* [Task prompt]:
Quote all lines below exactly. Images stay out.

* [Supplied material]:
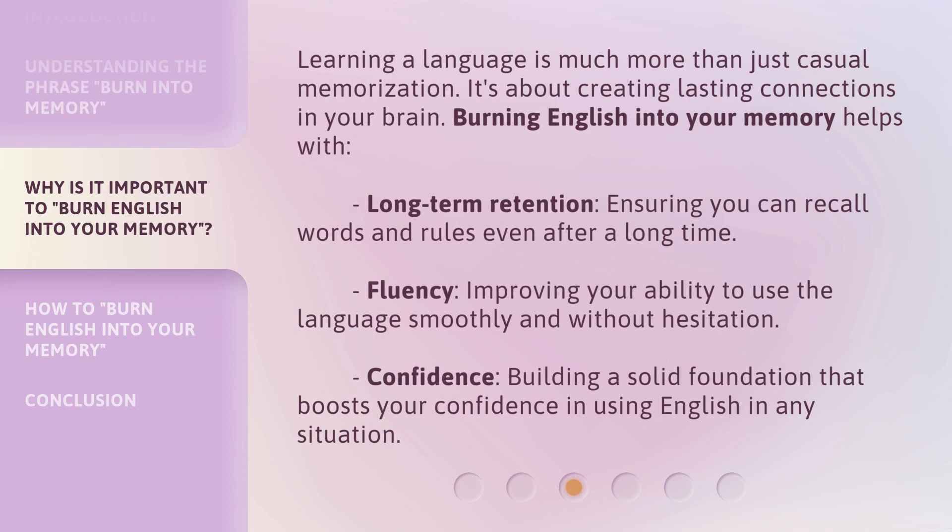Learning a language is much more than just casual memorization — it's about creating lasting connections in your brain. Burning English into your memory helps with long-term retention, ensuring you can recall words and rules even after a long time. It also improves fluency, your ability to use the language smoothly and without hesitation, and builds confidence, giving you a solid foundation to use English in any situation.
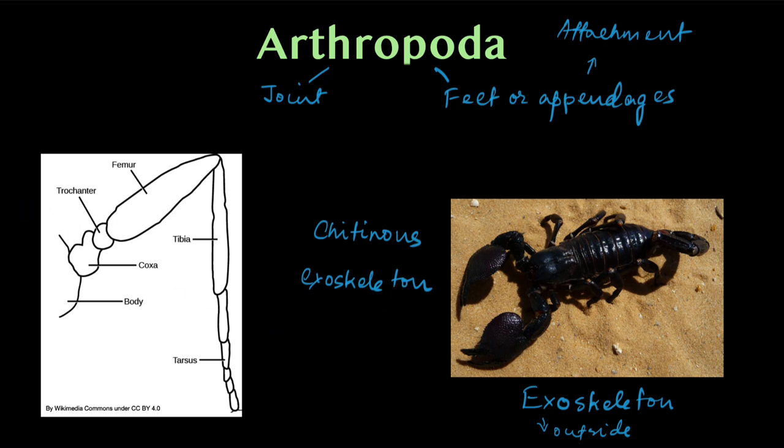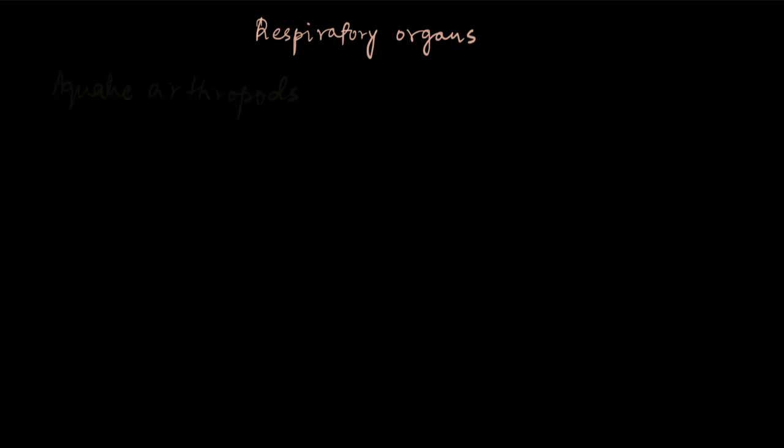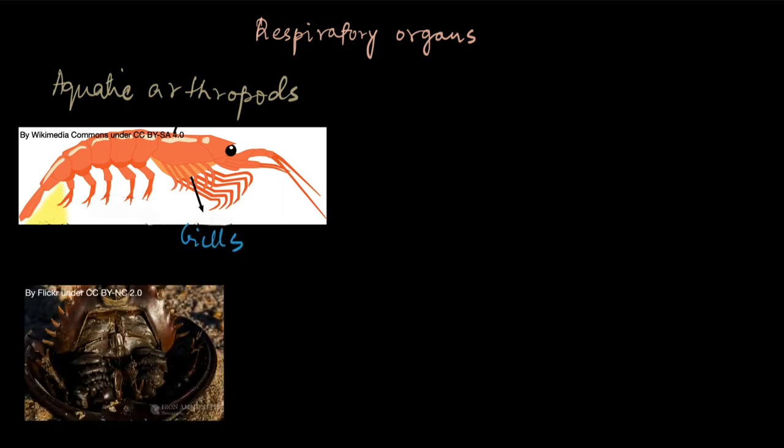Since arthropods are so varied, so are their respiratory organs. Aquatic arthropods — those that live in water — have gills as their respiratory organs, just like fish. For example, this organism, which is actually a krill, has gills right here. Some other arthropods also have gills, but their gills have a specific shape that looks like a stack of books — hence they are called book gills.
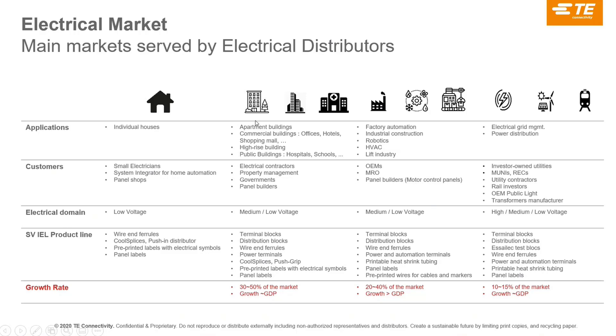When we talk about electrical distributors, these are the markets we can serve: individual houses, apartment buildings, large commercial buildings, factory automation, industrial applications, electrical grid, and railway. We can serve everyone from the small electrician to large OEMs. Individual houses involve simpler products, so they are less of a target. Our biggest targets are factory automation, the full industrial world, electrical management, new energy and renewable energy, and railway — with apartment buildings as a secondary target.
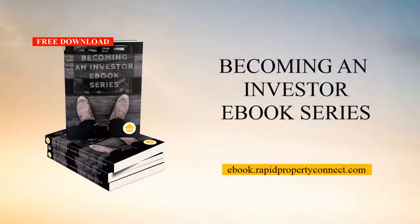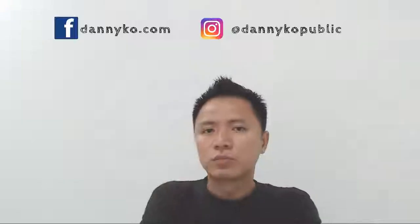If you are a first-time investor or thinking to buy property for investment, I suggest you go to ebook.rapidpropertyconnect.com to download the 'Becoming an Investor' ebook series. You'll get information on how to do investment, how to support your property, what to look at before committing to any property investment, and how to think like an investor — all for free.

* [Response to this task]:
Learning a language is much more than just casual memorization — it's about creating lasting connections in your brain. Burning English into your memory helps with long-term retention, ensuring you can recall words and rules even after a long time. It also improves fluency, your ability to use the language smoothly and without hesitation, and builds confidence, giving you a solid foundation to use English in any situation.
Since arthropods are so varied, so are their respiratory organs. Aquatic arthropods — those that live in water — have gills as their respiratory organs, just like fish. For example, this organism, which is actually a krill, has gills right here. Some other arthropods also have gills, but their gills have a specific shape that looks like a stack of books — hence they are called book gills.
When we talk about electrical distributors, these are the markets we can serve: individual houses, apartment buildings, large commercial buildings, factory automation, industrial applications, electrical grid, and railway. We can serve everyone from the small electrician to large OEMs. Individual houses involve simpler products, so they are less of a target. Our biggest targets are factory automation, the full industrial world, electrical management, new energy and renewable energy, and railway — with apartment buildings as a secondary target.
If you are a first-time investor or thinking to buy property for investment, I suggest you go to ebook.rapidpropertyconnect.com to download the 'Becoming an Investor' ebook series. You'll get information on how to do investment, how to support your property, what to look at before committing to any property investment, and how to think like an investor — all for free.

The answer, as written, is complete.